Revisita (virtual) à Miolo

Estamos vivendo um momento muito diferente, não é leitor? Distância passou a ser um importante meio de sobrevivência. Estranho, muito estranho. Que normalmente a proximidade era desejável. Até na medicina. Hoje, ironicamente recomendamos distanciamento. E ainda há os que decantam o tal novo normal. Inferindo que um tanto desses hábitos vai persistir. Quem sabe tem alguma verdade nisso. Se assim for, talvez um deles sejam as “lives”, febre do momento. Há para todos os temas e gostos. Até para degustar vinhos. Dias atrás participei de um agradável “encontro desencontrado”, com colegas e amigas, sob batuta da sommelière Duda Figueiredo, cada um em sua casa e com sua garrafa de um saboroso cru bourgeois de Médoc, Château Vieux Robin. Não é que foi esquisitamente muito bom? Aí, semana atrasada, participei de outra degustação virtual. A convite da Miolo, tomamos a safra 2019 do Miolo Reserva Syrah, com seu novo e elegante rótulo. Éramos uma dúzia de amantes de vinhos, além de experts da vinícola gaúcha. Gaúcha? Ora, esse vinho é um nordestino da gema, pois a Syrah é oriunda do Vale de São Francisco, na vizinhança de Pernambuco.
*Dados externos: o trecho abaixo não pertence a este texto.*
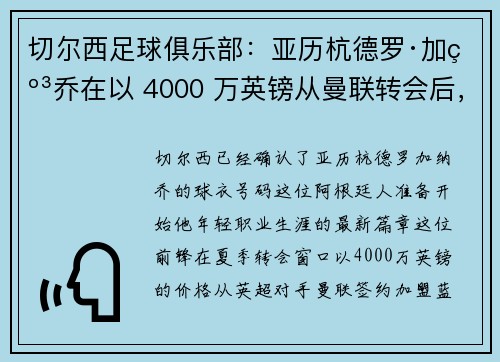 切尔西足球俱乐部：亚历杭德罗·加纳乔在以 4000 万英镑从曼联转会后，球衣号码揭晓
Lembrando que outro tinto desta uva, o Testardi, também produzido no braço baiano do grupo Miolo, foi eleito melhor vinho do Brasil, anos atrás. Para reavivar sua memória, amigo, essa cepa de uva alcança seu auge na região do Rhône, França e na Austrália. Todos que degustamos este Reserva Syrah concordamos se tratar de um tinto ainda jovem, que precisa de um tempo de aeração - recomendo até que seja decantado. Portanto, companheiro, não seja avexado. Abra a garrafa, decante, aguarde uns bons 15 minutos para que ela desabroche., revelando um vinho de cor violácea, nariz frutado e apimentado, com paladar persistente. Fruto de sua longa extração e de 12 meses fermentando em carvalho. Em consonância com o modismo atual, ele é elaborado seguindo conceitos veganos - tenho uma amiga que se souber disso, compra o estoque todo - alegadamente, hipoalergênico. Acho que ele se mostrará um bom acompanhamento para carnes, leitor. Outra importante qualidade é o preço, em torno de R$50. Aliás, eu que já tanto bati no relativo alto custo dos vinhos brasileiros, aproveito para elogiar o presente trabalho dos vinicultores nacionais, tentando ajudar nosso bolso! Ainda sobre a Miolo, merece destaque o lançamento da linha “Sete Lendários”.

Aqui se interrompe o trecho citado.